Sgt. Pepper’s Lonely Hearts Club Band, the Beatles’ glorious 40-minute musical masterpiece, had been enjoying enormous acclaim and popularity for about a year when the animated Yellow Submarine hit theaters in 1968, acting as a loose extension of the album’s contemplations on fame, identity and ‘60s psychedelia. The film’s recent frame-by-frame restoration, and translation onto Blu-ray disc, evokes more nostalgia than brilliance, save for one element: The unbelievable timelessness of the songs included on the soundtrack.

It’s not that designer Heinz Edelmann’s kooky, surrealist animation isn’t entertaining. Edelmann and director George Dunning’s broad palette and freakish creatures will have you reaching for the nearest hallucinogen (or the nearest exit if you’re taking a bad trip, man) and can creep out even the sober. But every time another Beatles classic hits your ears, it lifts the room and injects new life into the film. Whether it was a case of inspiration or coincidence, most of Yellow Submarine’s more creative and graceful visuals are those that complement the songs: “Eleanor Rigby” accompanies an animated Ringo walking through a grim, sad version of Liverpool that Banksy would appreciate. “Nowhere Man” is sung to little Jeremy Boob, a rhyming noodnik who knows everything but does very little.

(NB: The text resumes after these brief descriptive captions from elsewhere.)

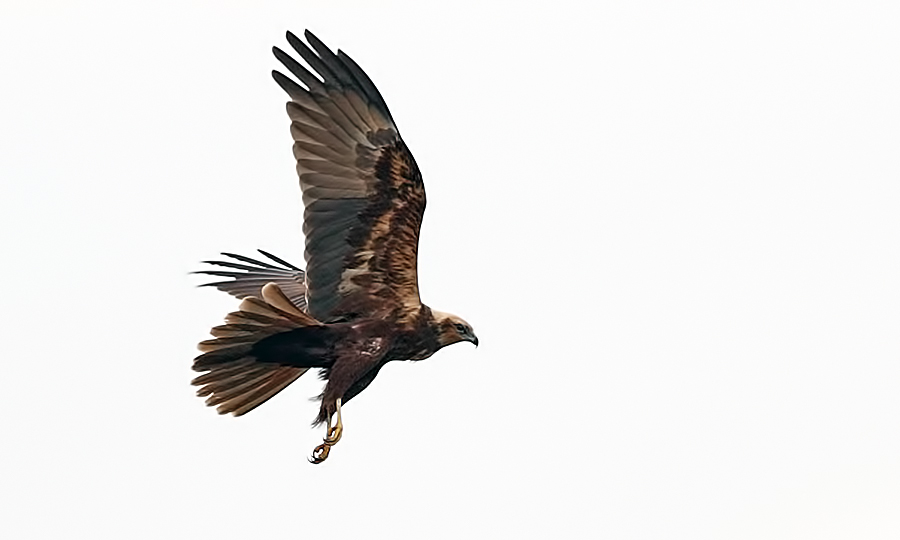 Western Marsh Harrier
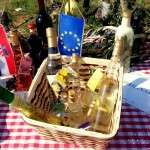 Polaznici projekta „Old skills for new jobs“ snimali promo video projekta - 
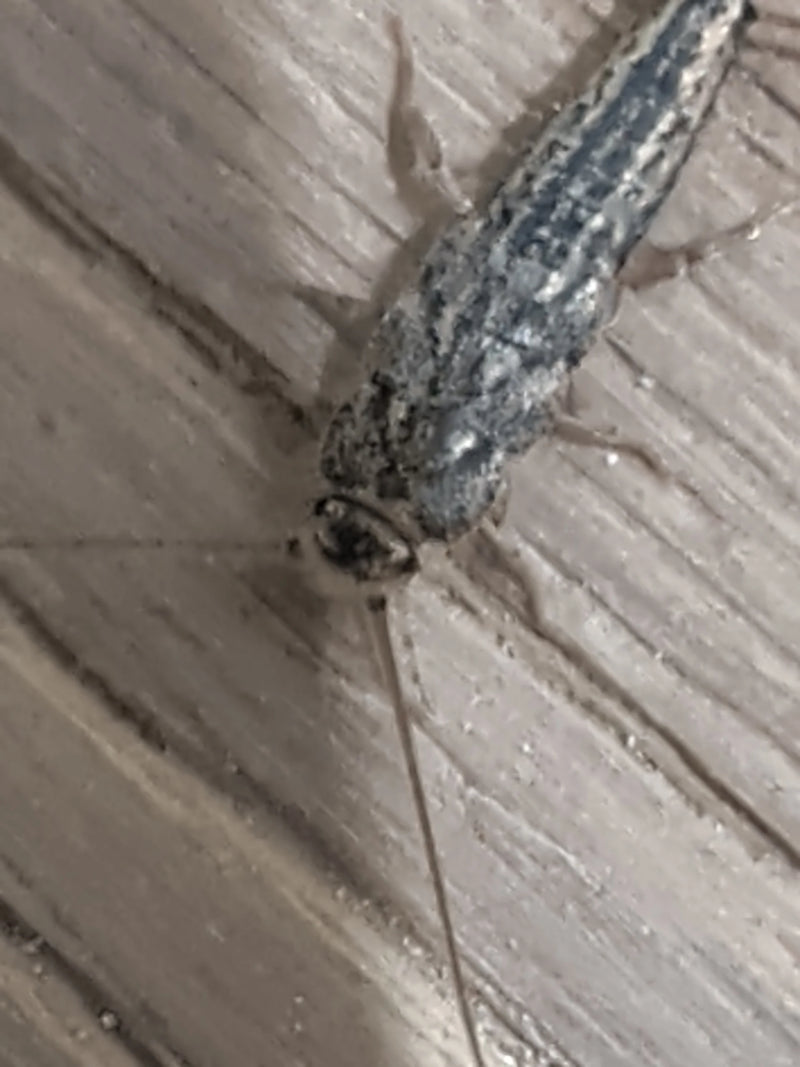 Ein Papierfischchen sitzt in der Draufsicht auf einer holzähnlichen Oberfläche.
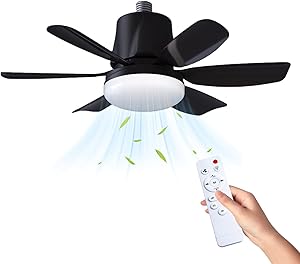Ceiling Fans with Lights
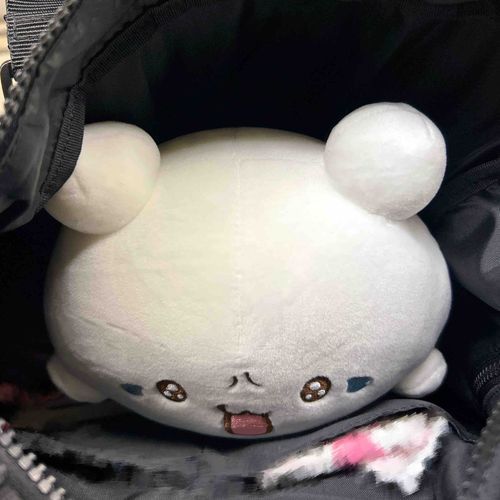 げーむせんたーからおうちに行くまでの帰り道、リュックの中にこの子がいるだけで最高の気持ちだった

Speaking of very little, the plot of Yellow Submarine is minimal. (That just means more time to concentrate on the loopy stuff.) Based on a McCartney-written song from 1966 and story by Lee Minoff, it follows the exploits of a captain who travels in a mysterious, magical submarine with the Fab Four to escape the bizarre Blue Meanies, an arrow-launching, gun-toting species who’ve launched a war on the captain’s peaceful home of Pepperland.

The group’s journey doesn’t follow a particular path, but it doesn’t have to. Yellow Submarine simply acts as a device for shocking monsters, wry wordplay, playful philosophy and, of course, Beatles songs. After the boys push one of many buttons on the submarine control panel, time begins reversing and Einstein’s theory of relativity is discussed. As our heroes quickly turn old before our eyes—white hair, long beards—the plaintive opening notes of “When I’m 64” emerge, a sure sign that the Beatles had a wonderful sense of humor, even when it came to their own careful compositions. When the obvious “Lucy In the Sky with Diamonds” hits the screen, the animators take the Fantasia route, briefly changing the film’s visual style to match the originality of the music.

By the final act—a heroic return to Pepperland—some of Yellow Submarine feels like a broken record. The editing pace is strange and strained, and the pesky Meanies are feeling more annoying than alarming. But you have to appreciate a fantasy world where the playing of “All You Need Is Love” can actually save the day.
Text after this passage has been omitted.